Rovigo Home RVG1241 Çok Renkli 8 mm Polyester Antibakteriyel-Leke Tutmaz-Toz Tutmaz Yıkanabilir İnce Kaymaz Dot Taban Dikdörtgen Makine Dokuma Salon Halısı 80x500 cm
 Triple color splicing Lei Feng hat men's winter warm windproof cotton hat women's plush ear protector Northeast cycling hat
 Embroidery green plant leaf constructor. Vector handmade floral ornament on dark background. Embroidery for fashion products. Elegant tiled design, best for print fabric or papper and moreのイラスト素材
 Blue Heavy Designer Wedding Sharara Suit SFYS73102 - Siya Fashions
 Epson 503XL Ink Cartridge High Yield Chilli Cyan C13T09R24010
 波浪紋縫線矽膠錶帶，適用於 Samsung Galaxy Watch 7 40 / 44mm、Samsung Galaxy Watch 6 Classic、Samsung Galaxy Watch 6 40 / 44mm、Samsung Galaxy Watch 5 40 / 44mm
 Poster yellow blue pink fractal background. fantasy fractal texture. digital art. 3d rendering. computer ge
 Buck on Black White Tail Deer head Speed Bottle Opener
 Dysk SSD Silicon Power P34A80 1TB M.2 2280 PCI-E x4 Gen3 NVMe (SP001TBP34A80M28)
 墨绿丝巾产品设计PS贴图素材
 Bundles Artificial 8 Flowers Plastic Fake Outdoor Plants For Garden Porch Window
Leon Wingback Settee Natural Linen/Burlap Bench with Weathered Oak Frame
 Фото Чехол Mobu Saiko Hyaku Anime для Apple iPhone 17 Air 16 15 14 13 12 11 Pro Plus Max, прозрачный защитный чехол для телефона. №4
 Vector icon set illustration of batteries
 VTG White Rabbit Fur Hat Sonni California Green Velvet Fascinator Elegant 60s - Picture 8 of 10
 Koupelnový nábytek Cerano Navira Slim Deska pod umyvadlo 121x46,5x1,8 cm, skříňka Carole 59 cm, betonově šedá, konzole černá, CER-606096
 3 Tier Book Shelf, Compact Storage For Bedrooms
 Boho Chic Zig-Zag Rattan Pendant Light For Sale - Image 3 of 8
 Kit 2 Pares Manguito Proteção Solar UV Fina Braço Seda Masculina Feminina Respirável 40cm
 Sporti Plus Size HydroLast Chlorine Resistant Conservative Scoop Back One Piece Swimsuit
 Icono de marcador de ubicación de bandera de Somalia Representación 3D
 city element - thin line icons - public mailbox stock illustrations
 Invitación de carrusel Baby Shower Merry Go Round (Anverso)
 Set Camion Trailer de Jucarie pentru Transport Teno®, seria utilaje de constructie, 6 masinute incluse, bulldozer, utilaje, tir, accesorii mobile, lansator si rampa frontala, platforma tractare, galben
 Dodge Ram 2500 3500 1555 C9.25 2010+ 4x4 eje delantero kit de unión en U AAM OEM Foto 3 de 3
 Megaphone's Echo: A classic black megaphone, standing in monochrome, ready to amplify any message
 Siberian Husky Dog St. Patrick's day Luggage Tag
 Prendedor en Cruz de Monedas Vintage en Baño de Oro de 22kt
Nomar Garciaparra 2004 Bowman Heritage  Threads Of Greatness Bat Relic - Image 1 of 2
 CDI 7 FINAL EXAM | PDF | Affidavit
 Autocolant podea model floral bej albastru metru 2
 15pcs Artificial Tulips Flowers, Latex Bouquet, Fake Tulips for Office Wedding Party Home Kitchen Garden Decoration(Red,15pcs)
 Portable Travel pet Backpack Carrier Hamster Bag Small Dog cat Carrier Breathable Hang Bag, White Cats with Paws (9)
•••
### [Exercise brief]
Pull out all lines from the entries above that include the word "Vector".

### [Answer space]
 Embroidery green plant leaf constructor. Vector handmade floral ornament on dark background. Embroidery for fashion products. Elegant tiled design, best for print fabric or papper and moreのイラスト素材
 Vector icon set illustration of batteries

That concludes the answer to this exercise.